Civil RICO claims are often brought by private litigants seeking treble damages for otherwise ordinary business disputes – garden-variety torts and contracts cases. As such, the scope of RICO's applicability to non-U.S. persons, enterprises and activities is important to non-U.S. companies seeking to limit and manage the risk of U.S. litigation.
In a case of far-reaching significance, the United States Court of Appeals for the Second Circuit has denied rehearing of a decision issued last year by a three-judge panel of that court in European Community v. RJR Nabisco, Inc., which adopted a novel approach for determining when the U.S. Racketeer Influenced and Corrupt Organizations ("RICO") statute reaches conduct occurring outside the United States. We summarized that panel's decision, and its potential implications for non-U.S. persons and businesses, in an earlier bulletin. See Three Different Approaches to RICO Extraterritoriality, HSF E-Bulletin (Dec. 4, 2014).
RICO's Long Reach
On the first go in this case, a three-judge panel allowed RICO claims brought by the European Community against various U.S. defendants – for alleged money laundering and other activities connected to bulk cigarette sales outside the United States – to stand notwithstanding that most of the conduct at issue occurred beyond the territorial boundaries of the U.S. In reaching this conclusion, the court held that RICO can be applied extraterritorially if the specific statute prohibiting an alleged predicate act itself applies extraterritorially.
Defendants then unsuccessfully sought en banc rehearing of that decision by all the Circuit's active judges. Five of thirteen judges voted to rehear the case en banc, and wrote opinions dissenting from the April 2015 order denying en banc rehearing.
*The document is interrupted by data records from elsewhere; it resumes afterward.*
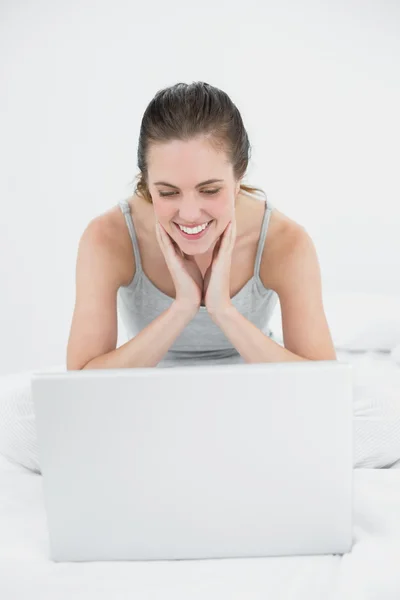 Smiling casual woman looking at laptop in bed — Stock Photo, Image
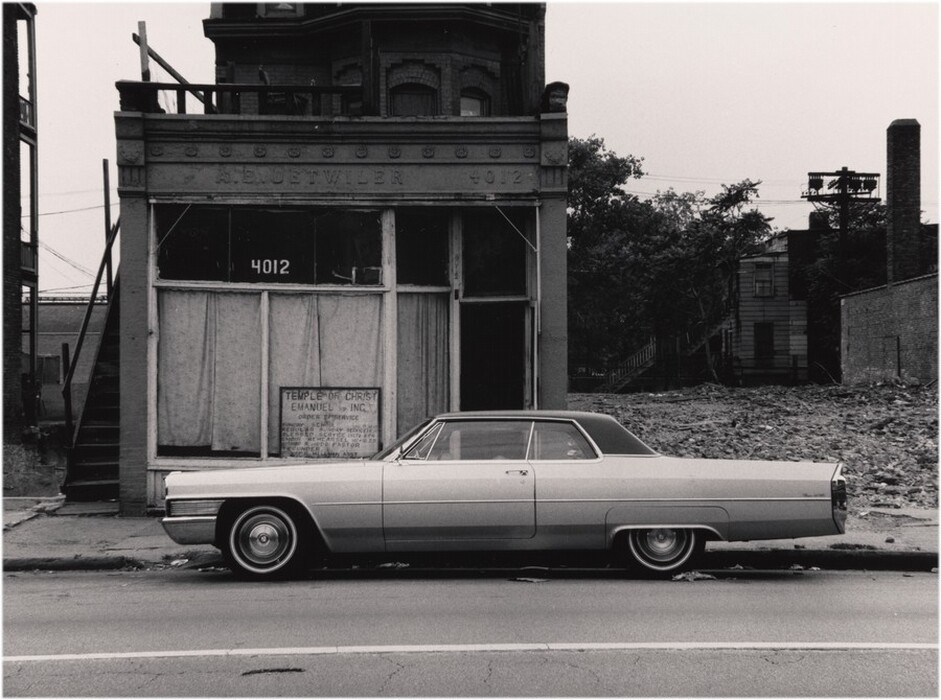 This is a photograph of a vintage automobile parked in front of an old building. The image shows a large, classic car and a weathered building with a sign reading "Temple of Christ Emanuel Inc." The building has boarded-up windows and an upper floor with arched windows, surrounded by a desolate area with rubble and overgrown vegetation. The photograph has a monochrome palette.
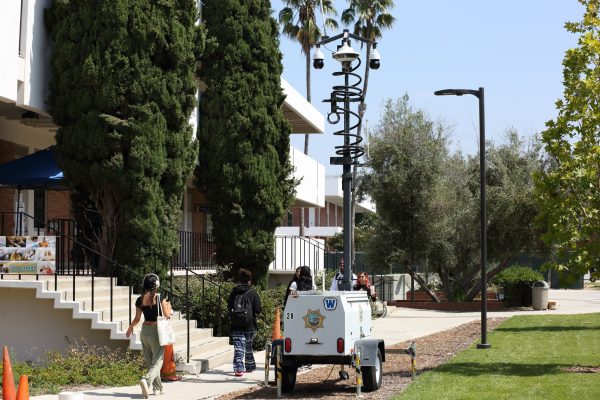Students walk past a surveillance tower set up by the El Camino College Police Department and placed behind the Communications Building on Wednesday, Sept. 13, 2023. (Photo by Raphael Richardson | The Union)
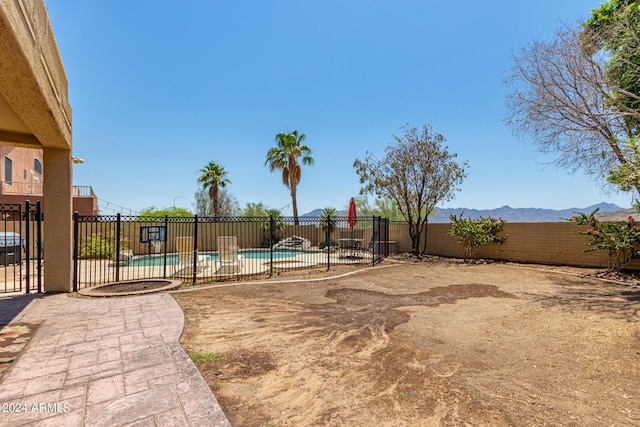 view of yard featuring a fenced in pool and a mountain view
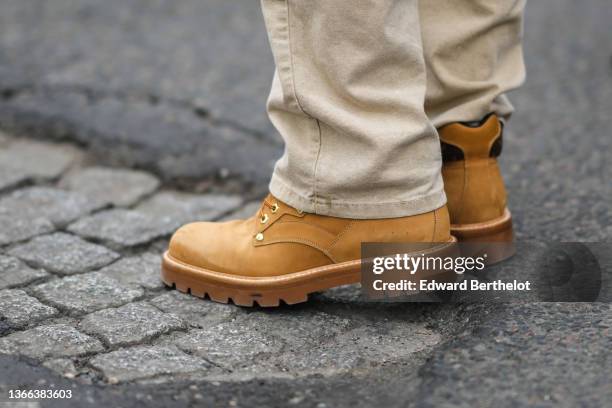 Hugo Compain wears beige denim jeans pants, brown suede laces ankle boots from Timberland, outside Loewe, during Paris Fashion Week - Menswear F/W...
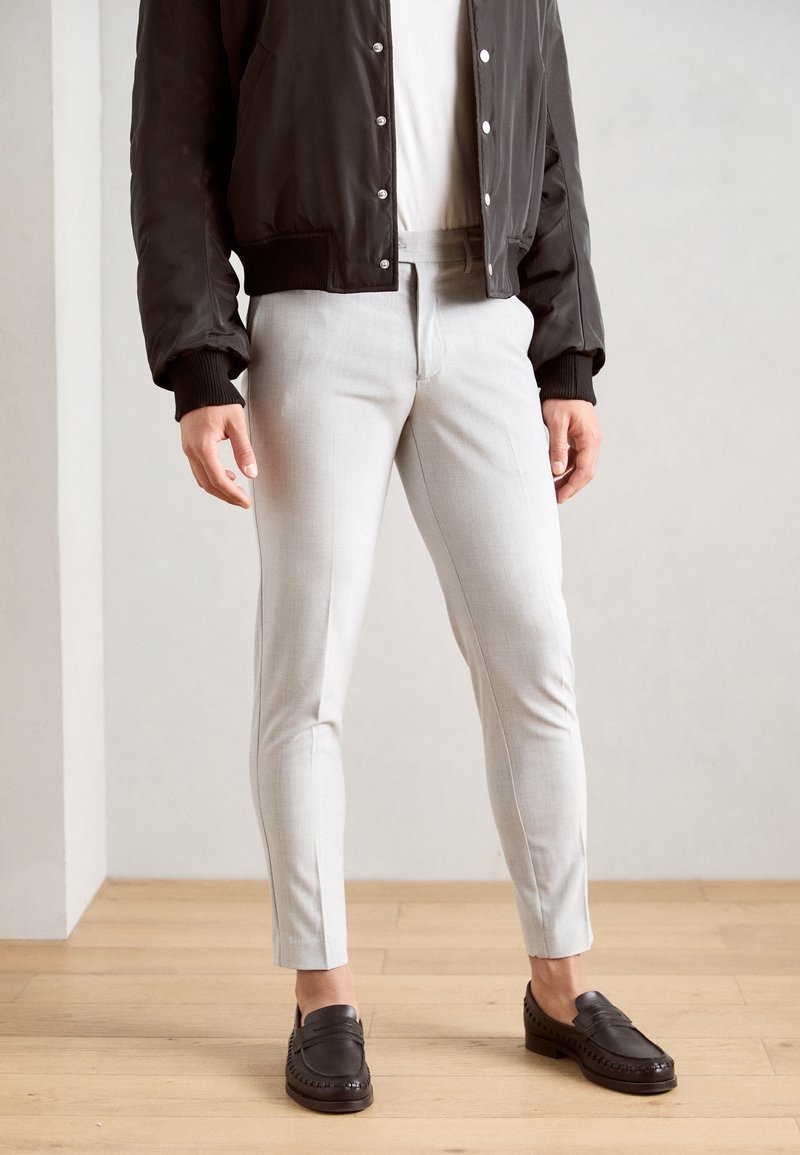 Homme portant un pantalon slim gris clair, des mocassins en cuir noirs, une chemise blanche et une veste noire boutonnée, debout sur un sol en bois.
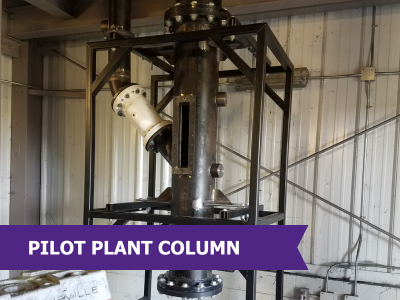 This is a pilot plant system manufactured for an industrial partner. It allows for the studying of process and particle flow in the system. The information collected is used to design and modify much larger full scale reactor system.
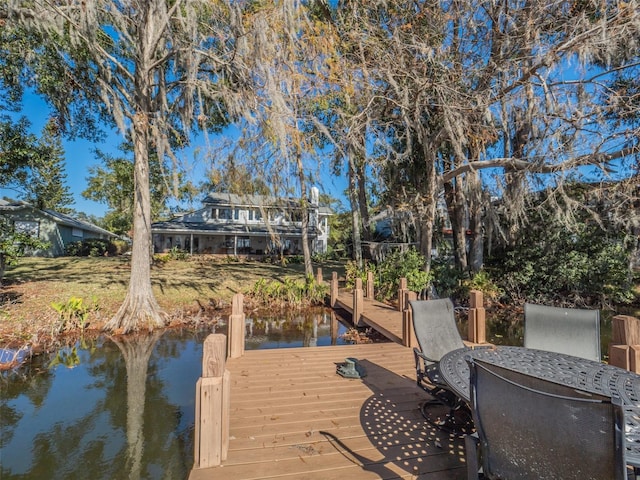 view of dock featuring a water view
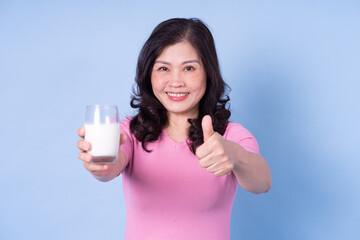 Image of middle aged Asian woman drinking milk on blue background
A Pryrrhic Victory for the EU?
The dissenters argued that the decision is in tension both with the U.S. Supreme Court's decision in Morrison v. National Australia Bank (2010) – which substantially curtailed extraterritorial application of U.S. statutes – and the Second Circuit's own prior decisions on RICO extraterritoriality. Judge Cabranes' dissenting opinion characterized the European Commission's victory as a "pyrrhic" one that "the Community's constituents may have cause to regret in the years ahead," insofar as the decision makes "its citizens, natural and corporate, [t]he likely targets of future RICO actions" based on conduct outside the U.S.
RICO Extraterritoriality Three Ways
With this decision, the lower federal courts in the U.S. are applying at least three distinct tests for purposes of determining the territorial scope of RICO liability. As elaborated in greater depth in our earlier bulletin:
- Courts taking the "enterprise" approach apply RICO only when the RICO "enterprise" is located in the U.S., regardless of where the "pattern of racketeering activity" by which the affairs of the "enterprise" are conducted occurs;
- Those adopting the "pattern of activity" approach apply RICO when the "pattern of racketeering activity" required to state a viable RICO claim occurs in the United States, regardless of where the "enterprise" is located (i.e. foreign or domestic); and
- A smaller number, now led by the Second Circuit, follows a "predicate act" approach, giving the RICO statute extraterritorial reach to the same extent Congress intended the RICO predicate offenses at issue in a particular case to apply to actions or events abroad.
Obviously, none of these approaches is particularly straightforward. How, for instance, under the first two approaches, does one pinpoint the location of an "enterprise" or a "pattern of activity" in a world where people and events so commonly cross and straddle national borders (both literally and virtually)? And in terms of the Second Circuit's "coextensive predicate act" test, must the extraterritorial predicate act alleged be one of the two predicate acts a claimant is required to prove in order to establish RICO liability, as Judge Maggi wonders in her separate dissenting opinion in European Community?
Clear as Mud
These are vexing questions of consequence, and the Second Circuit's denial of rehearing only further deepens the mystery and uncertainty in the lower federal courts over the proper test for determining whether a RICO claim involves extraterritorial application of a U.S. statute. This increases the likelihood that the U.S. Supreme Court will review theEuropean Commission case, or another case involving similar issues, in order to resolve the different approaches being taken by lower federal courts in the wake of its supposedly clarifying Morrison decision. Until then, the territorial limits of RICO liability will continue to be unsettled, causing considerable ambiguity for non-U.S. businesses engaged in activities that touch or concern the U.S. in some way.